REMBANG, Lingkarjateng.id – Wakil Bupati Rembang, Mochamad Hanies Cholil Barro’, mengajak petani mulai meningkatkan literasi iklim agar mampu menyesuaikan pola usaha tani dengan perubahan cuaca yang semakin sulit diprediksi.
Hal itu disampaikan Hanies saat memberi sambutan dalam Sekolah Lapang Iklim (SLI) Tematik yang digelar Badan Meteorologi, Klimatologi, dan Geofisika (BMKG) di Aula Dinas Pertanian dan Pangan Kabupaten Rembang, Rabu, 26 Agustus 2026.
SLI Tematik tersebut dibuka oleh Anggota Komisi V DPR RI Harmusa Oktaviani. Sebanyak 50 peserta mengikuti kegiatan yang terdiri dari petani, Penyuluh Pertanian Lapangan (PPL), serta petugas Balai Penyuluhan Pertanian (BPP).
Peserta berasal dari desa-desa di delapan kecamatan, yakni Rembang, Gunem, Sulang, Kaliori, Sumber, Sedan, Bulu, dan Sale.
Dalam pelaksanaannya, pembelajaran menggunakan pendekatan partisipatif. Peserta tidak hanya mendapatkan materi, tetapi juga berdiskusi serta bertukar pengalaman mengenai perubahan cuaca dan dampaknya terhadap pertanian di wilayah masing-masing.
Menurut Hanies, kemampuan membaca informasi cuaca dan iklim kini menjadi bagian penting dalam menjaga produktivitas pertanian sekaligus memperkuat ketahanan pangan. Sebab, perubahan pola musim telah mulai memengaruhi aktivitas petani, termasuk mundurnya musim hujan dan kemarau yang lebih panjang.
“Perubahan iklim ini sudah nyata ada di depan kita.
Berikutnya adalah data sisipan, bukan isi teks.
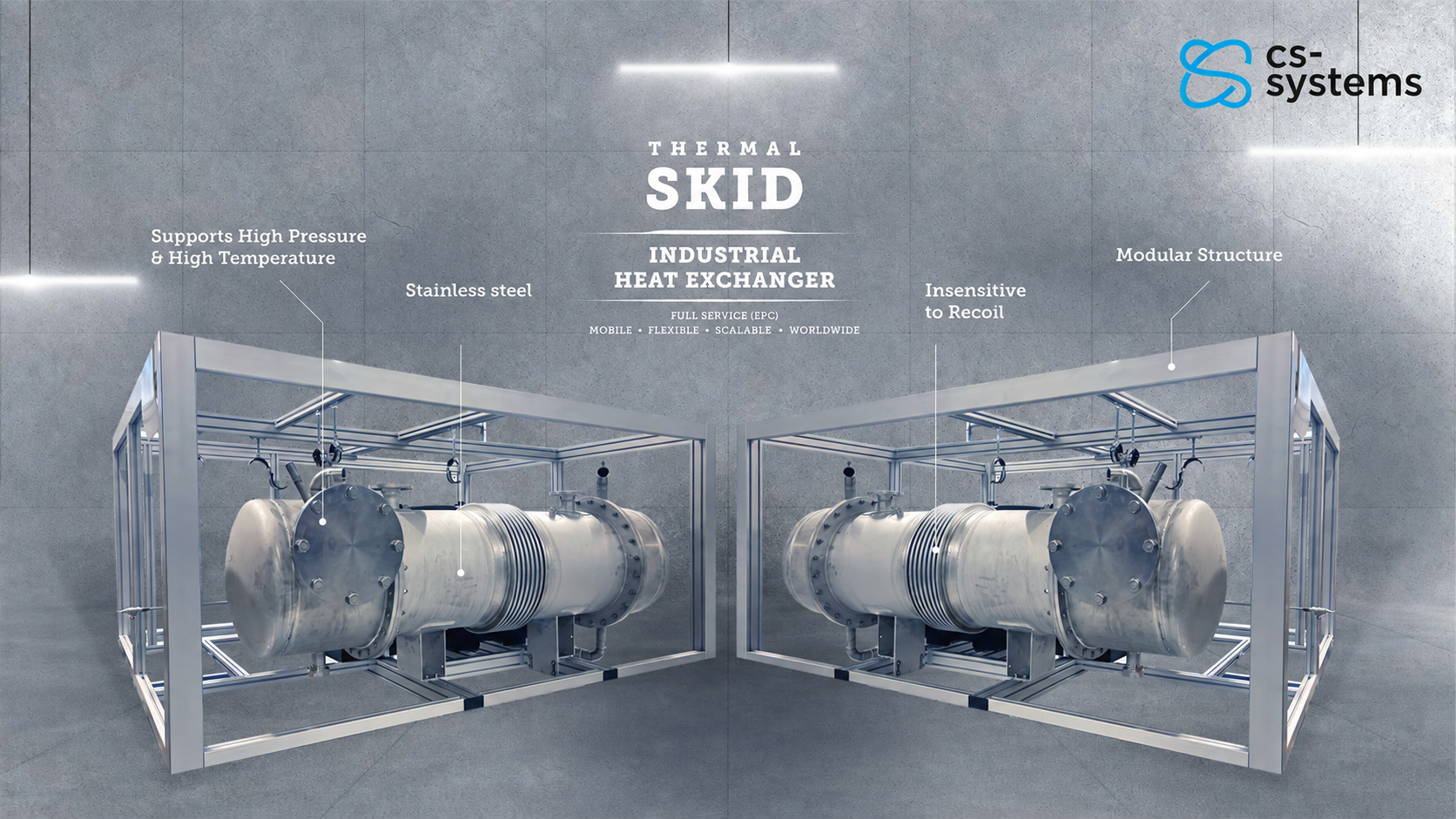 Thermal Heat Exchanger Skid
Ada musim hujan yang mundur, kemarau yang terlalu panjang, belum lagi bencana-bencana yang menyertai seperti banjir, kekeringan, longsor, dan berbagai persoalan lain yang berkaitan dengan pertanian,” ujarnya.
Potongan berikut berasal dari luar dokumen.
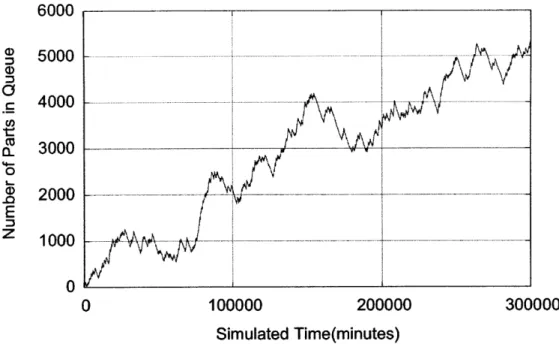 Figure 7:  Queue  length  for the  brass  polishing  node at  a  demand rate  of 30,000  parts per year.
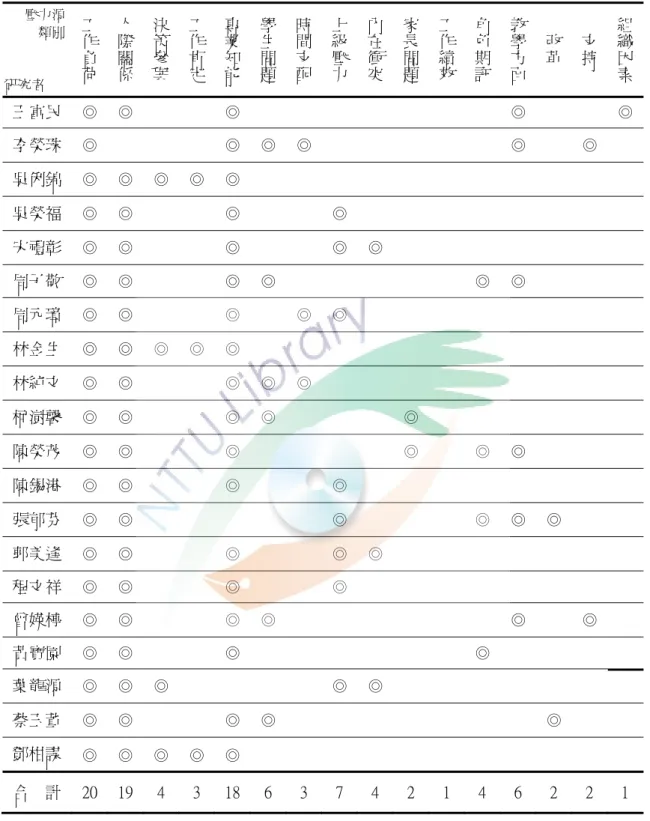 表 2-4 教師工作壓力來源類別歸納摘要表 壓力源            類別  研究者  工作負荷 人際關係 決策參與 工作肯定 專業知能 學生問題 時間支配 上級壓力 內在衝突 家長問題 工作績效 角色期許 教學方面 改革 支持 組織因素 王富民  ◎  ◎  ◎  ◎  ◎ 李榮珠  ◎  ◎  ◎ ◎ ◎  ◎  吳俐錦  ◎  ◎  ◎  ◎  ◎  吳榮福  ◎  ◎  ◎  ◎ 宋禮彰  ◎  ◎  ◎  ◎ ◎ 周子敬  ◎  ◎  ◎  ◎ ◎ ◎  周元璋  ◎  ◎  ◎  ◎ ◎ 林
Hanies menilai pengetahuan petani selama ini telah berkembang melalui berbagai pedoman dan pengalaman, mulai dari kearifan lokal Pranata Mangsa hingga Panca Usaha Tani dan Sapta Usaha Tani.
Namun menurutnya, dinamika iklim membuat petani perlu menambah kemampuan baru untuk membaca informasi meteorologi dan menggunakannya sebagai dasar pengambilan keputusan.
“Sekarang harus ada satu lagi, yaitu literasi iklim yang harus dikuasai para petani,” tegasnya.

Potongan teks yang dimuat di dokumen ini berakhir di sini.